Gonzalo Araluce, redactor jefe de Nacional de Vozpópuli, analiza las verdaderas razones que han llevado al Gobierno de Pedro Sánchez a desclasificar ahora los documentos del 23-F

El Gobierno anunció el lunes que desclasificaría los documentos sobre el 23-F. Dicho y hecho. En menos de 48 horas ya están disponibles más de 150 archivos de la Guardia Civil, de la Policía Nacional, del CESID o de Exteriores. ¿Qué hay de nuevo en estos informes? Son interesantes, pero hay poca cosa más allá de lo que ya se sabía. El hecho más destacable es la participación de seis agentes del CESID en el golpe y su posterior maniobra para encubrirse. También hay conversaciones o apuntes, pero que poco cambian el rumbo de los hechos.
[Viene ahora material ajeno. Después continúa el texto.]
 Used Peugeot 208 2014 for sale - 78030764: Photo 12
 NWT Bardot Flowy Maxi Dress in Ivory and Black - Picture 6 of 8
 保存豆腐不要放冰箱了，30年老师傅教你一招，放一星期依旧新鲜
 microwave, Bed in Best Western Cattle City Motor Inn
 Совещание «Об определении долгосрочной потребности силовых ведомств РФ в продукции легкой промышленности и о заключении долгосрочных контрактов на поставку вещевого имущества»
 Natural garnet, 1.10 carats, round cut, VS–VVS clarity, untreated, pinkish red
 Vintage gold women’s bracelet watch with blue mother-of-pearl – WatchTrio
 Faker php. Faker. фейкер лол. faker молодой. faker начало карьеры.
El Gobierno alega razones de “transparencia” para justificar la desclasificación del 23-F. ¿Es esa la verdadera razón? Cuesta creer, cuando Moncloa ha cubierto de oscuridad episodios mucho más recientes. Y que, en algunos casos, es la Justicia la que ahora trata de sacar a la luz.
En esferas policiales ya se especulaba sobre cuál sería la cortina de humo del Gobierno para tapar el escándalo del DAO. Aquí la tienen. Pero que se haya elegido el 23-F no es casual. ¿Por qué no los GAL? ¿Por qué no otros turbios episodios de la Historia reciente? Pues porque el 23-F cae como anillo al dedo a un Gobierno que sostiene buena parte de su discurso en advertencias sobre la extrema derecha.